In this notebook the full dataset is broken into 26 subsets for each of the unique values of the kinase key. A random forest is fit to each of the subsets and evaluated using $k=5$-fold cross validation. The purpose in doing this is to determine which of the kinases are more difficult to classify and to verify reports that the fgfr1 kinase may have "bad" data.
In [1]:
import pandas as pd
import time
import glob
import numpy as np
from scipy.stats import randint as sp_randint
from prettytable import PrettyTable
from sklearn.preprocessing import Imputer
from sklearn.model_selection import train_test_split, cross_val_score, RandomizedSearchCV
from sklearn.metrics import f1_score, accuracy_score, make_scorer
from sklearn.ensemble import RandomForestClassifier
In [3]:
load_data_t0 = time.clock()
df = pd.concat([pd.read_csv(filename, index_col=[1,0], na_values=['na'], engine='c', header=0) for filename in glob.glob("data/parser_output/csv/*.csv")],axis=0)
load_data_t1 = time.clock()
print ("data loaded in ~", ((load_data_t1 - load_data_t0)/60), "minutes.")
after loading the data, extract the receptor names so that it is possible to form the seperate data subsets.
In [4]:
receptor_names = list(df.index.get_level_values(0).unique())
Now iterate through the list of receptors and extract the corresponding subset of training data from the full dataframe. Keep in mind that the number of examples in each set are not the same, therefore the average f1 of each subset is stored into a list for later visualization. A random forest is fit to each of the subsets using $k=5$-fold cross validation with the scoring metric set to the f1-score in order to capture presence type I (precision) and type II (recall) errors.
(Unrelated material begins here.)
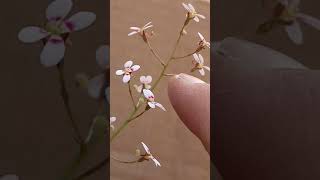 Australian trigger plant Stylidium caespitosum [upl. by Engapmahc]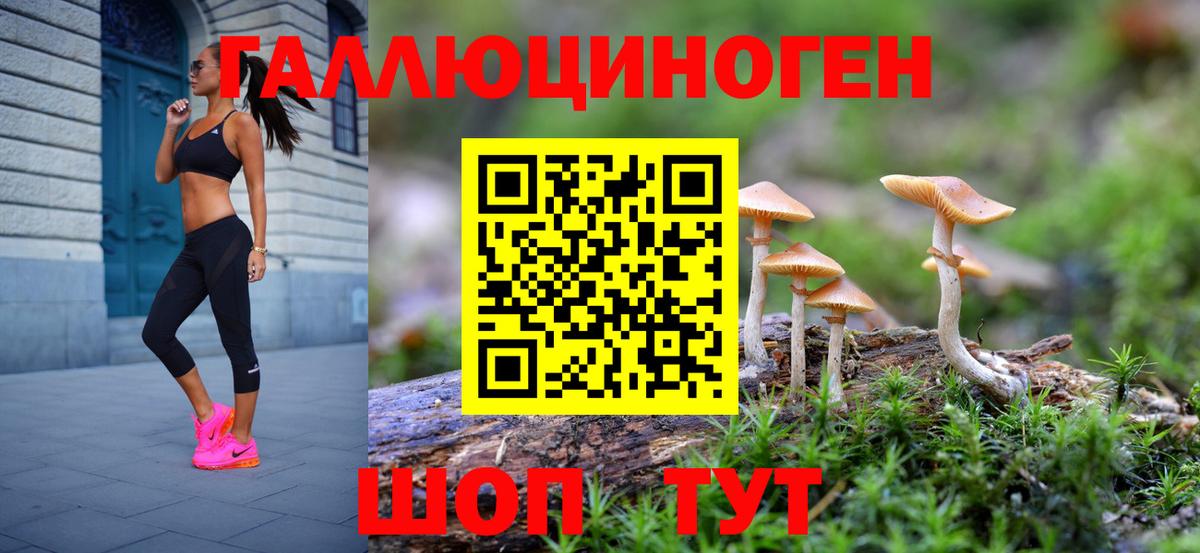 Северобайкальск  Псилоцибиновые грибы ЛСД  Вход с VPN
Accuracy is not used due to the fact that the data is imbalanced and that a good accuracy score may be misleading regarding the performance of the classifier on correctly classifying positive training/testing examples.
\begin{equation} Precision = \frac{TP}{TP + FP} \end{equation} \begin{equation} Recall = \frac{TP}{TP + FN} \end{equation} \begin{equation} F1 = 2* \frac{Precision*Recall}{Precision + Recall} \end{equation}
In [13]:
rforest_params = {"n_estimators": sp_randint(pow(2,5),pow(2,7))}
In [15]:
cv_score_list = []
outputTable = PrettyTable()
outputTable.field_names = ["receptor","N","%positive","Mean F1","Min F1","Max F1"]
for receptor in receptor_names:
receptor_df = df.iloc[df.index.get_level_values(0) == receptor]
X = Imputer().fit_transform(receptor_df.drop('label', axis=1).as_matrix())
y = pd.to_numeric(receptor_df['label']).as_matrix()
#rforest = RandomizedSearchCV(RandomForestClassifier(oob_score=True, class_weight='balanced'), rforest_params, cv = 3, scoring = make_scorer(f1_score),n_jobs=3)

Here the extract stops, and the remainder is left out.